**WHAT IS EXPECTED**
What you return must be the full data, repeated verbatim, with no pictures in it.

BEGIN INFORMATION PROVIDED

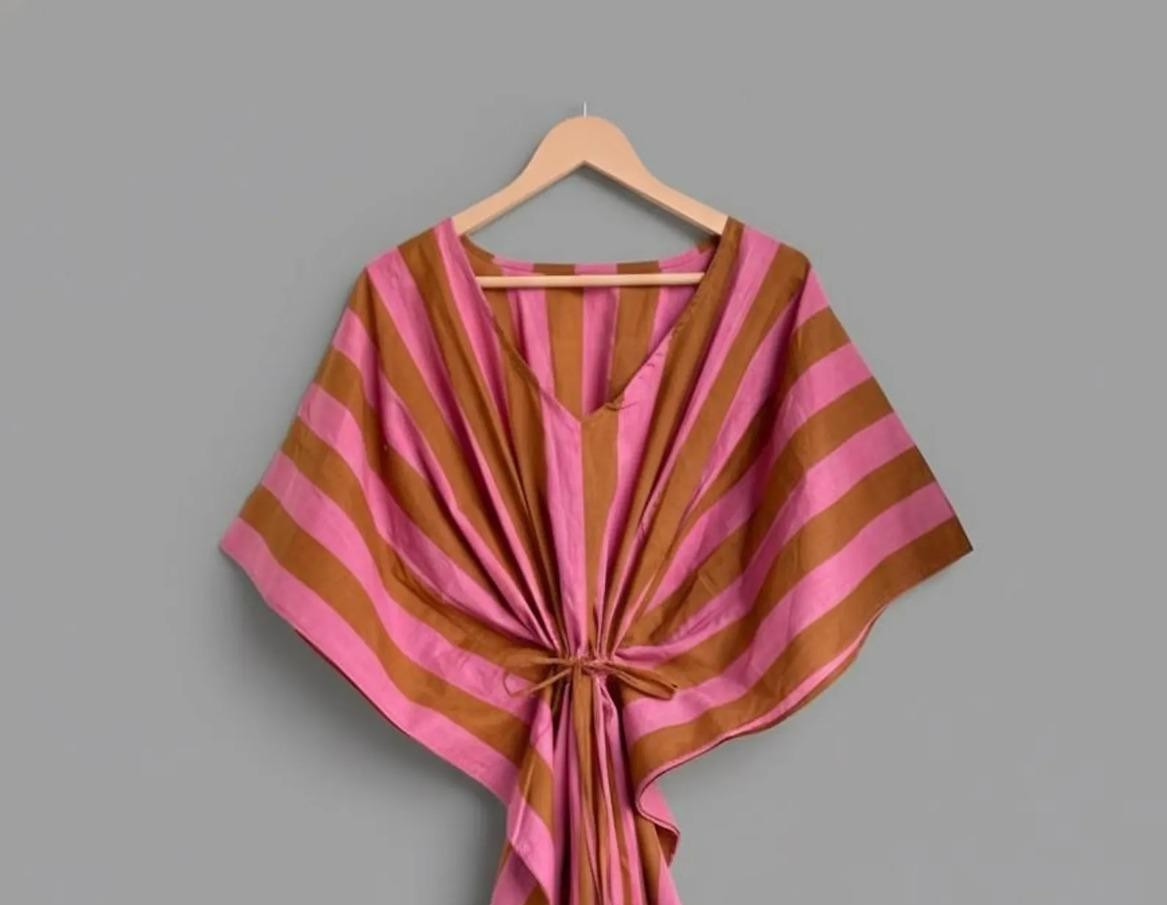 Indian Pink Handmade Cotton Striped Kaftan Maxi Dress Women’s Clothing Gown US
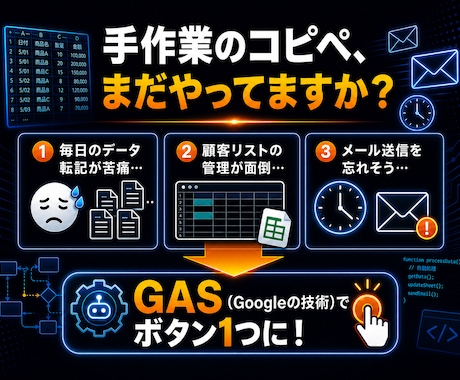 毎日の面倒な事務作業・コピペ作業を自動化します 丸投げOK！スプレッドシートやGmailの自動化ツール イメージ2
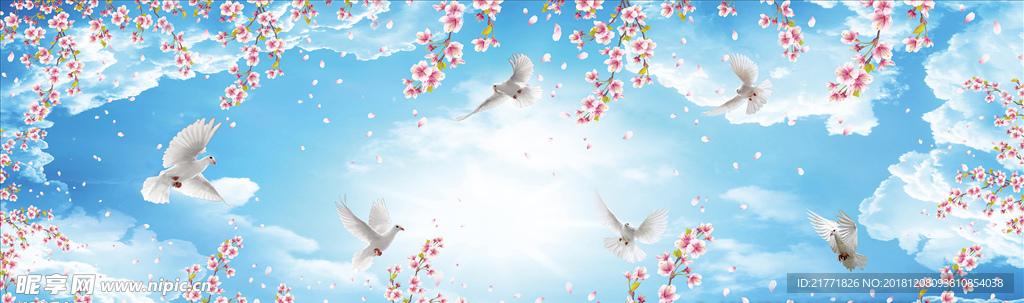 蓝天 桃花  鸽子 阳光 白云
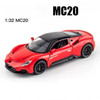 1:32 Alloy Sports Car Model Metal Toy Vehicles Car Model Sound and Light Simulation for Maserati MC20 Cabrio Kids Toys Gift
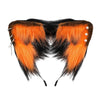 Orange and black faux fur fox ears headband for cosplay and themed parties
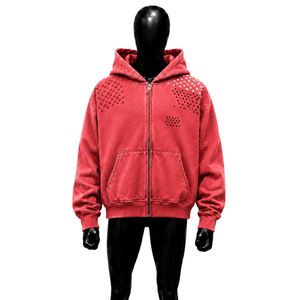 RED WASHED STUDDED ZIP UP <b>HOODIE</b> MEN <b>OVERSIZED</b> STREETWEAR FULL ZIP SWEATSHIRT BLACK <b>WHITE</b> CROSS EMBELLISHED SHOULDER DESIGN VINT - Product Image 1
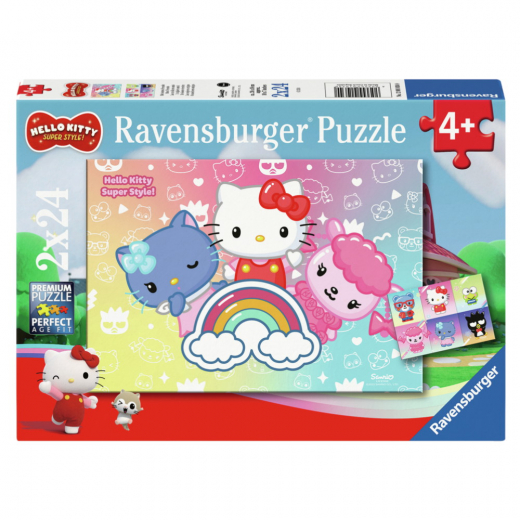 Ravensburger Pussel: Hello Kitty Super Style 2x24 Bitar i gruppen PUSSEL / Barnpussel hos Spelexperten (12001034)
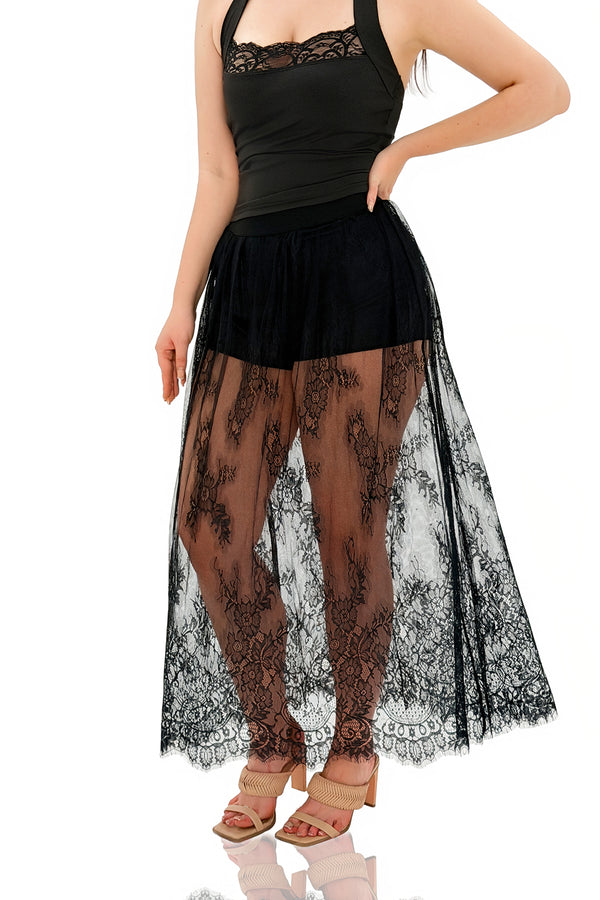 Helgea Sheer Lace Maxi Skirt With Safety Shorts
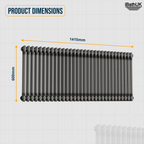 Helena Traditional Horizontal Column Radiator - Raw Metal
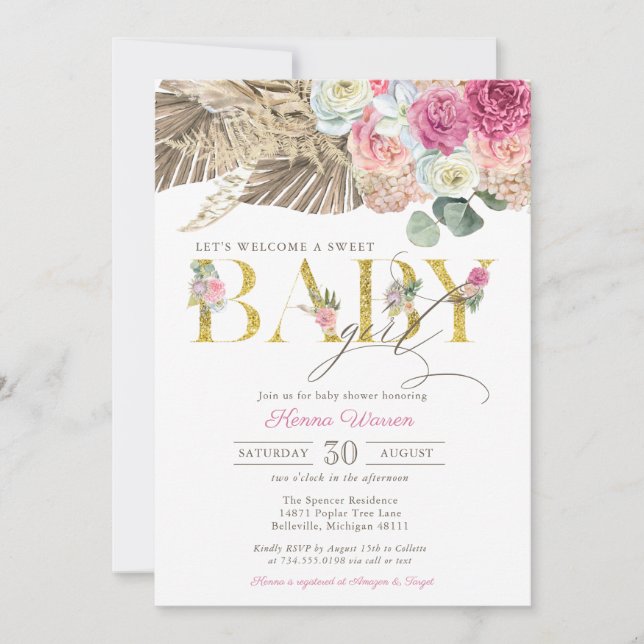 Invitación Boho Floral BABY Pampas y Palm Chica Baby Shower (Anverso)
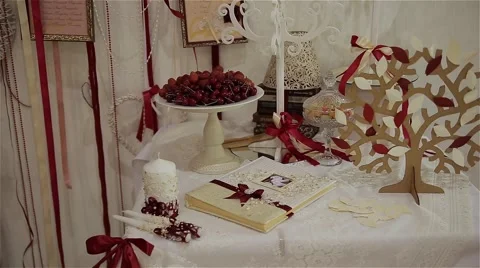 Wedding decorations Stock Footage 54437618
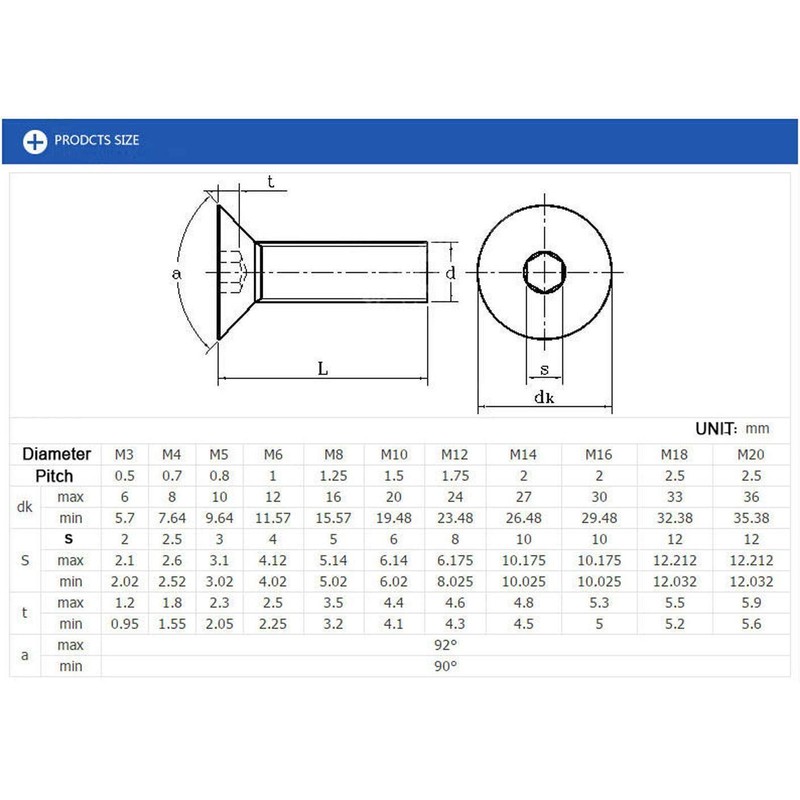50pcs M4 x 6mm Grade 10.9 Flat Countersunk Hex Socket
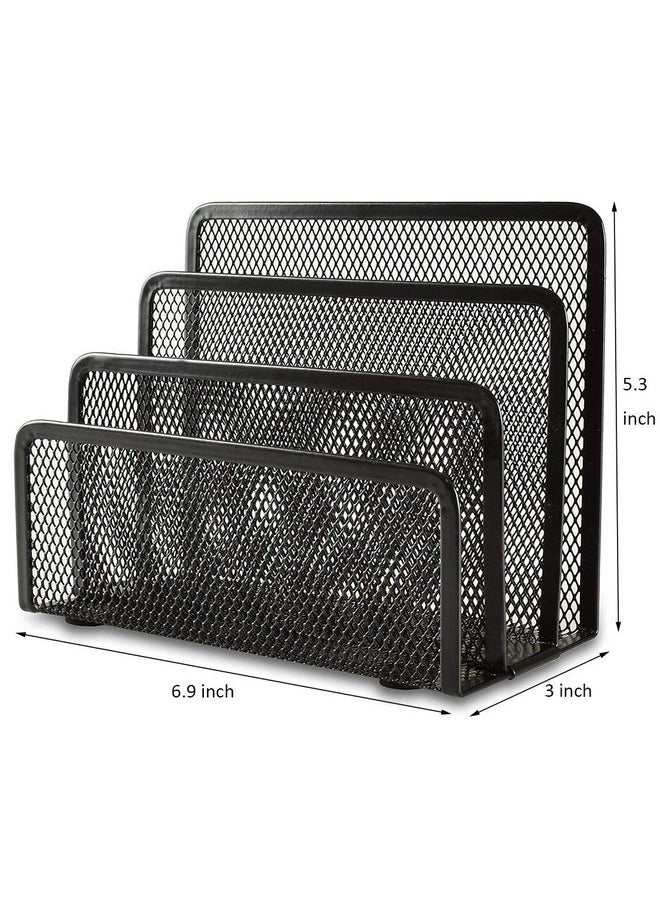 EASEPRES Desk Mail Organizer, 2 Pack Office Small Letter Sorter Desktop File Organizer Metal Mesh With 3 Vertical Upright Compartments  - Image 2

END INFORMATION PROVIDED

**TASK ANSWER**
 Indian Pink Handmade Cotton Striped Kaftan Maxi Dress Women’s Clothing Gown US
 毎日の面倒な事務作業・コピペ作業を自動化します 丸投げOK！スプレッドシートやGmailの自動化ツール イメージ2
 蓝天 桃花  鸽子 阳光 白云
 1:32 Alloy Sports Car Model Metal Toy Vehicles Car Model Sound and Light Simulation for Maserati MC20 Cabrio Kids Toys Gift
 Orange and black faux fur fox ears headband for cosplay and themed parties
 RED WASHED STUDDED ZIP UP <b>HOODIE</b> MEN <b>OVERSIZED</b> STREETWEAR FULL ZIP SWEATSHIRT BLACK <b>WHITE</b> CROSS EMBELLISHED SHOULDER DESIGN VINT - Product Image 1
 Ravensburger Pussel: Hello Kitty Super Style 2x24 Bitar i gruppen PUSSEL / Barnpussel hos Spelexperten (12001034)
 Helgea Sheer Lace Maxi Skirt With Safety Shorts
 Helena Traditional Horizontal Column Radiator - Raw Metal
 Invitación Boho Floral BABY Pampas y Palm Chica Baby Shower (Anverso)
 Wedding decorations Stock Footage 54437618
50pcs M4 x 6mm Grade 10.9 Flat Countersunk Hex Socket
 EASEPRES Desk Mail Organizer, 2 Pack Office Small Letter Sorter Desktop File Organizer Metal Mesh With 3 Vertical Upright Compartments  - Image 2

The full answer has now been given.